Category Archives: Spend Analysis

Supply Management Technical Difficulty … Part IV.2

A lot of vendors will tell you a lot of what they do is so hard and took thousands of hours of development and that no one else could do it as good or as fast or as flexible when the reality is that much of what they do is easy, mostly available in open source, and can be replicated in modern Business Process Management (BPM) configuration toolkits in a matter of weeks. In this series we are tackling the suite of supply management applications and pointing out what is truly challenging and what is almost as easy as cut-and-paste.

In our first three posts we discussed basic sourcing, basic procurement, and supplier management where few technical challenges truly exist. Then, yesterday, we started a discussion of spend analysis, where there are deep technical challenges (that we discuss today), but also technical by-gones that vendors still perpetuate as challenges and stumpers that are not true challenges but are to many vendors who didn’t bother to spend the time it takes to hire a development team that can figure them out. Yesterday we discussed the by-gones and the first-stumper. Today, we discuss the second big stumper and the true challenges.

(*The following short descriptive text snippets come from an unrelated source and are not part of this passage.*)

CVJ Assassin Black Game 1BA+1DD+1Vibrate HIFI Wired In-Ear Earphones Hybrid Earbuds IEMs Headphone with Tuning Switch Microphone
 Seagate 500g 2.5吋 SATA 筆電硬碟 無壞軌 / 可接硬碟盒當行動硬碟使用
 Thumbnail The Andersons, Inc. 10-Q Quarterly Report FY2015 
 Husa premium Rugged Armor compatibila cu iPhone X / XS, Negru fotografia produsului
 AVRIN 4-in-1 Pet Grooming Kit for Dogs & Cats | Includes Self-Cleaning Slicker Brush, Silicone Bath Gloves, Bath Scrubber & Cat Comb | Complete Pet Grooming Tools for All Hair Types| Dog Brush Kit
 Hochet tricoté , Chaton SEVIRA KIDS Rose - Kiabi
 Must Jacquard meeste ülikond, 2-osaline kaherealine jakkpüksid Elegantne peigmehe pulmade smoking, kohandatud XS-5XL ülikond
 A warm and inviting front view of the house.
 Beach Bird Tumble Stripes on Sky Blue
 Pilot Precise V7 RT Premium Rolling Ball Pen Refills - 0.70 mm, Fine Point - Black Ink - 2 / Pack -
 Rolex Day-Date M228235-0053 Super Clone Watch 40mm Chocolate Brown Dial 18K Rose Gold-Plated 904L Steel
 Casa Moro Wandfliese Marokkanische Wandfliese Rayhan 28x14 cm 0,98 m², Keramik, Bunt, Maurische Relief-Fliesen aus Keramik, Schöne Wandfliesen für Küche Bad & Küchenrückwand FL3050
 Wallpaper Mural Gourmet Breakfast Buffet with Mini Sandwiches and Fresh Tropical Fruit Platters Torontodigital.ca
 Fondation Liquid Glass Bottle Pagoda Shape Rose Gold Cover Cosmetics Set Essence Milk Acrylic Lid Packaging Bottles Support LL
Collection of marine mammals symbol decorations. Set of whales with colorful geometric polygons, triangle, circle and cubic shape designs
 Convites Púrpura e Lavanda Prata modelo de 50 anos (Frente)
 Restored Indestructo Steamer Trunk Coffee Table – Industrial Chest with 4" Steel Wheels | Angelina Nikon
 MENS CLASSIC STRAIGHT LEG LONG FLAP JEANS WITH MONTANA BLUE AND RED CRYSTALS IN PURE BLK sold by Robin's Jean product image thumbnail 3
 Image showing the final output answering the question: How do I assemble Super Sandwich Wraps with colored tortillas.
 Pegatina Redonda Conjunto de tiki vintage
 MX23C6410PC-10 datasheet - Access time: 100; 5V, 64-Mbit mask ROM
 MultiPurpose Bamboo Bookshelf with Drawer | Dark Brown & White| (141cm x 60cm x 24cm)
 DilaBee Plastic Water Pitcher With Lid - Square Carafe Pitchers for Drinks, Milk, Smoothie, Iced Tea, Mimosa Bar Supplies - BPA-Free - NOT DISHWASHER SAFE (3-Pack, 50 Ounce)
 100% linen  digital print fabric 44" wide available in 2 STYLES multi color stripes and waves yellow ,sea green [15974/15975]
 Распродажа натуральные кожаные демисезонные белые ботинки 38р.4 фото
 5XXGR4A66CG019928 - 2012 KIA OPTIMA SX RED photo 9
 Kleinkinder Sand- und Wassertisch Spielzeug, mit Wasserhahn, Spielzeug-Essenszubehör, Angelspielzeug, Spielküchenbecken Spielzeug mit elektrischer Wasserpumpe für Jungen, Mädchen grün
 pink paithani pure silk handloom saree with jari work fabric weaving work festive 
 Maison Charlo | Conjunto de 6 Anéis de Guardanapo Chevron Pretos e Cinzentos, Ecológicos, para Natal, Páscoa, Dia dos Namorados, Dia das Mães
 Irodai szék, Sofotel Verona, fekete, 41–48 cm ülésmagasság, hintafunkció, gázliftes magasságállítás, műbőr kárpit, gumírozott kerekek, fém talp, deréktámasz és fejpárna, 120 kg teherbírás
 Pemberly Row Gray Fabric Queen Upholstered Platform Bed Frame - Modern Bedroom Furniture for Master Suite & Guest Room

Technical Stumper: Multi-Cube

The majority of applications support one, and only one, cube. As SI has indicated again and again (and again and again), the power of spend analysis resides in the ability to quickly create a cube on a hunch, on any schema of interest, analyze the potential opportunity, throw it away, and continue until a new value opportunity is found. This also needs to be quick and easy, or the best opportunities will never be found.

But even today, many applications support ONE cube. And it makes absolutely no sense. Especially when all one has to do to create a new cube is just create a copy of the data in a set of temporary tables designed just for that and update the indexes. In modern databases, it’s easy to dynamically create a table, bulk copy data from an existing table to the new table, and then update the necessary index fields. The cube can be made semi-persistent by storing the definition in a set of meta-tables and associating it with the user (which is exactly how databases track tables anyway).

Apparently vendors are stumped on how easy this is, otherwise, the doctor is stumped as to why most vendors do not support such basic capability.


Technical Challenge: Real-time (Collaborative) Reclassification

This is a challenge. Considering that the reclassification of a data set to a new hierarchy or schema could require processing every record, and that many data sets will contain millions of transaction records, and modern processors can only do so many instructions per second, this will likely always be a challenge as big data gets bigger and bigger. As a result even the best algorithms can generally only handle a few million records on a high end PC or laptop in real time. And while you can always add more cores to a rack, there’s still a limit as to how many cores can be connected to an integrated memory bank through a high-speed bus … and as this is the key to high-speed data processing, even the best implementations will only be able to process so many transactions a second.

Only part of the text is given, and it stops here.